*SUPPLIED MATERIAL*
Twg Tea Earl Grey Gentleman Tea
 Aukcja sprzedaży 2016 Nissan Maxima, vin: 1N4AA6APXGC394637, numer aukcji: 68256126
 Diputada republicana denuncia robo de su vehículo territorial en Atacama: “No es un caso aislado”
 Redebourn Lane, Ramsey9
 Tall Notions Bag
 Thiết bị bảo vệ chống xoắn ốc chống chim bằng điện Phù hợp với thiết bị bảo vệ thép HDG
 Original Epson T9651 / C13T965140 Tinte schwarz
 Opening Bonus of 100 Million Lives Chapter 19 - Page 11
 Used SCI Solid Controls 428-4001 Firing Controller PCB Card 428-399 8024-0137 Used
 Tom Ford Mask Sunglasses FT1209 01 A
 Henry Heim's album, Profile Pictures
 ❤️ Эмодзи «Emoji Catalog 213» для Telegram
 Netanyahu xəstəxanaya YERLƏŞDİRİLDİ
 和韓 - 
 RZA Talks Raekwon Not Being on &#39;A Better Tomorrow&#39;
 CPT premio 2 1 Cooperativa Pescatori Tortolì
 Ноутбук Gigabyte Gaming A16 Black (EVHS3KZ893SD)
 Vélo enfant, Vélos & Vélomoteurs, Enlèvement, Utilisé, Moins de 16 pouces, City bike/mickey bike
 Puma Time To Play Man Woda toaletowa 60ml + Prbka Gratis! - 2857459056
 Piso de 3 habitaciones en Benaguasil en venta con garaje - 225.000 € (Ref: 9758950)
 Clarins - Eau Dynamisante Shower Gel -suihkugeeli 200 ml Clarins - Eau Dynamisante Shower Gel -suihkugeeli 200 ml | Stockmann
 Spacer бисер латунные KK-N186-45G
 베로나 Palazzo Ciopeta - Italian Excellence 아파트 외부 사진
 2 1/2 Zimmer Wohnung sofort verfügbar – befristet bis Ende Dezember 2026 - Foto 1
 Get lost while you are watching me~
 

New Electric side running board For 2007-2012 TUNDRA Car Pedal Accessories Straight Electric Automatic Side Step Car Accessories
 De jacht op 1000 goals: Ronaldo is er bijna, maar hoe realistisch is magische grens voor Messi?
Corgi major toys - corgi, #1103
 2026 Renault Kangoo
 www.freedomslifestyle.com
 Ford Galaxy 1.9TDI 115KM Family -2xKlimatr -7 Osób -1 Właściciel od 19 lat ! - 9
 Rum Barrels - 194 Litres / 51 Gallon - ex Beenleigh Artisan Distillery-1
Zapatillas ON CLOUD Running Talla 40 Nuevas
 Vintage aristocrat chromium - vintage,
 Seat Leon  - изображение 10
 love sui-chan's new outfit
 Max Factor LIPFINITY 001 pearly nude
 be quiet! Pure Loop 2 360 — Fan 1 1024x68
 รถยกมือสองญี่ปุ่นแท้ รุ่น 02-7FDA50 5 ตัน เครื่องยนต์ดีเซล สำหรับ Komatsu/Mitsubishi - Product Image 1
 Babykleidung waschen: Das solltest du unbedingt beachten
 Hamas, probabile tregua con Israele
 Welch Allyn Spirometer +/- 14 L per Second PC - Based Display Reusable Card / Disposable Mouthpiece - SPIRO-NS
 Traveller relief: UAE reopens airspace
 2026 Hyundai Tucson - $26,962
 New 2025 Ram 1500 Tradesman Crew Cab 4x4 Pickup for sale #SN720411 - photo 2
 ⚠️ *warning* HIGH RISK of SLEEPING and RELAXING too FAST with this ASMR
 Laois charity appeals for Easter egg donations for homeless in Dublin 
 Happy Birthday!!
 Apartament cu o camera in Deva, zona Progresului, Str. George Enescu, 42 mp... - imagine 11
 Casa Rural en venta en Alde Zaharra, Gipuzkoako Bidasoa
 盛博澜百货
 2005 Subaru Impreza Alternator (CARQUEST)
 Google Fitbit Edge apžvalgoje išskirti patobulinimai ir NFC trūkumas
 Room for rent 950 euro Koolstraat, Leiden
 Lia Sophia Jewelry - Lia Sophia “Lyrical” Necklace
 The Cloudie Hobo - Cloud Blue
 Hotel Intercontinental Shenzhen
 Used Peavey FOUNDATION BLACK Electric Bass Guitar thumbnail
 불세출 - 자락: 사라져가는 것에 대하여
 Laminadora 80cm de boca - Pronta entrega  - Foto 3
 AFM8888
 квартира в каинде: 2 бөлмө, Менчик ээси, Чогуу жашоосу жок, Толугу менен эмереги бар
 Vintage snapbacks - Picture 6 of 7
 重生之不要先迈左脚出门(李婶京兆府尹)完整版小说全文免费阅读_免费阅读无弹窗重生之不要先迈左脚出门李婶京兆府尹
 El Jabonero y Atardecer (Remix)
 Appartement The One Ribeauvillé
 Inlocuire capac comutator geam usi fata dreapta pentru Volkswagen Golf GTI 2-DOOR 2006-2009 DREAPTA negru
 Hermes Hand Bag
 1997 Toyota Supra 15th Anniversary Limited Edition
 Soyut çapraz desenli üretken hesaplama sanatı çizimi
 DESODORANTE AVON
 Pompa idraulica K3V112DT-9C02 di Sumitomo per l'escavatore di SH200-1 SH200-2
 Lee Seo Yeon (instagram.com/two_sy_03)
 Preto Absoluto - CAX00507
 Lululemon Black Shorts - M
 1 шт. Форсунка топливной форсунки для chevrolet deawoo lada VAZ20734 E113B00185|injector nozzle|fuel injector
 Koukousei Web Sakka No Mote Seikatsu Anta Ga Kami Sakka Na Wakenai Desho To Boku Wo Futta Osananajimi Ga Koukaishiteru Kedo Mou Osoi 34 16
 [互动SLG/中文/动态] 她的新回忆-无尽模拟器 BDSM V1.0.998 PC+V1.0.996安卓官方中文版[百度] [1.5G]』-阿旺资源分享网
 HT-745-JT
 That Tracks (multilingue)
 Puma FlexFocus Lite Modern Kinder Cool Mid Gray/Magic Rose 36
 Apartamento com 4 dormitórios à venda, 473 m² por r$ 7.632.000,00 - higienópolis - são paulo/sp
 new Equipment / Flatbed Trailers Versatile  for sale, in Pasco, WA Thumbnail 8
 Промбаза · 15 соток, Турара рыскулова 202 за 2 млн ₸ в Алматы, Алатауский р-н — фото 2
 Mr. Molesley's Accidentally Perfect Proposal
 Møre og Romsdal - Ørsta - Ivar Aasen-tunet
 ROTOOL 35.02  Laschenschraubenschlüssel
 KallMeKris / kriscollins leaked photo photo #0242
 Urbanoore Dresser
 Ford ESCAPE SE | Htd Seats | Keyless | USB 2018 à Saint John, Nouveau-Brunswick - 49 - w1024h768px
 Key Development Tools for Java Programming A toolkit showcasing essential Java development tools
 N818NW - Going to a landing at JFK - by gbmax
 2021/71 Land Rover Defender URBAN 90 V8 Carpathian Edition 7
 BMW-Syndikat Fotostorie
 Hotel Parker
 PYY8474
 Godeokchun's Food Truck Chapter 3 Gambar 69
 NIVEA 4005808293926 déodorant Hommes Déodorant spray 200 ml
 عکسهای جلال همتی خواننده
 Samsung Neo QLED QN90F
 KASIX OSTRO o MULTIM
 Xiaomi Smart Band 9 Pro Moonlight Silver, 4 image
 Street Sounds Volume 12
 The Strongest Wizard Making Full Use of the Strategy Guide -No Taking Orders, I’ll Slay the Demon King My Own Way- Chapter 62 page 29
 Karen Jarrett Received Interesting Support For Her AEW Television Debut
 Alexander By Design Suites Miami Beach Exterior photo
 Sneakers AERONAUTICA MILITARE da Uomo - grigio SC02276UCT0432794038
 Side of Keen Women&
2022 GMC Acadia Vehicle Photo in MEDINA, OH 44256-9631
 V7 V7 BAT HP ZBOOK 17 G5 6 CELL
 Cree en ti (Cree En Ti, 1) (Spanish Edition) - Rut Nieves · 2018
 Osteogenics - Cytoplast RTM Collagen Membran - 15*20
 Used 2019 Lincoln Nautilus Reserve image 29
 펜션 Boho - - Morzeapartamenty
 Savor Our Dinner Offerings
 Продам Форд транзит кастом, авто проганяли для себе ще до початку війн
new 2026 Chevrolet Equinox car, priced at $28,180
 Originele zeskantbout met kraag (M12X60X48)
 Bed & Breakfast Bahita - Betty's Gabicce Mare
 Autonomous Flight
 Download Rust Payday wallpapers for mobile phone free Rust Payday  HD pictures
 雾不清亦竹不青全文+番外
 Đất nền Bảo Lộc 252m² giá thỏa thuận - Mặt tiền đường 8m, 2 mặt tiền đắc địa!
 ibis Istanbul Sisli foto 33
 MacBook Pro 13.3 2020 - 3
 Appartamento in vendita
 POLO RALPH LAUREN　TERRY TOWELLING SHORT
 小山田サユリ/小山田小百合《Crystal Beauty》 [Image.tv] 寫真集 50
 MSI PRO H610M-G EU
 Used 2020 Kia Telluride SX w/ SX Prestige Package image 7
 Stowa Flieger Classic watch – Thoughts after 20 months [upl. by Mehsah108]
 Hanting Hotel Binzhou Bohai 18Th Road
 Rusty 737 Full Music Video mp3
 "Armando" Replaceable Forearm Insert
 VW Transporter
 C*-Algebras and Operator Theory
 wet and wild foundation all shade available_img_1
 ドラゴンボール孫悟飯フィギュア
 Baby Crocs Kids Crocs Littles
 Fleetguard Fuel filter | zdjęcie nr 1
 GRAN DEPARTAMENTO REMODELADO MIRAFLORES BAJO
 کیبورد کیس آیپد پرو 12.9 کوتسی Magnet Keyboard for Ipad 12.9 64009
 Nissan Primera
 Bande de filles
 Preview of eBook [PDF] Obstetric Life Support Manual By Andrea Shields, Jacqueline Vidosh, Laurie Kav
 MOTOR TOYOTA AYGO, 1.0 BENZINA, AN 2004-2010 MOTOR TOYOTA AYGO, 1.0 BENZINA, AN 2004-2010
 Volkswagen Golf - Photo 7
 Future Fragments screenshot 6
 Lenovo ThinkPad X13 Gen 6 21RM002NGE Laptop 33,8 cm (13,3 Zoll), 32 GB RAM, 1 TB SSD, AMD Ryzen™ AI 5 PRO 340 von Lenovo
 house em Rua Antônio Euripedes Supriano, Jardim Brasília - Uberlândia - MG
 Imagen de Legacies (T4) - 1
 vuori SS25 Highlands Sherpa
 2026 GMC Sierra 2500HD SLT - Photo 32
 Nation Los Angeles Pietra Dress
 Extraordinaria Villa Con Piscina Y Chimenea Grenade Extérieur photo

*WORK ORDER*
Would you print exactly, and only, the lines of the data above from the line with "Casa Rural en" through the line with "Lia Sophia Jewelry", inclusive?

*SOLUTION BELOW*
 Casa Rural en venta en Alde Zaharra, Gipuzkoako Bidasoa
 盛博澜百货
 2005 Subaru Impreza Alternator (CARQUEST)
 Google Fitbit Edge apžvalgoje išskirti patobulinimai ir NFC trūkumas
 Room for rent 950 euro Koolstraat, Leiden
 Lia Sophia Jewelry - Lia Sophia “Lyrical” Necklace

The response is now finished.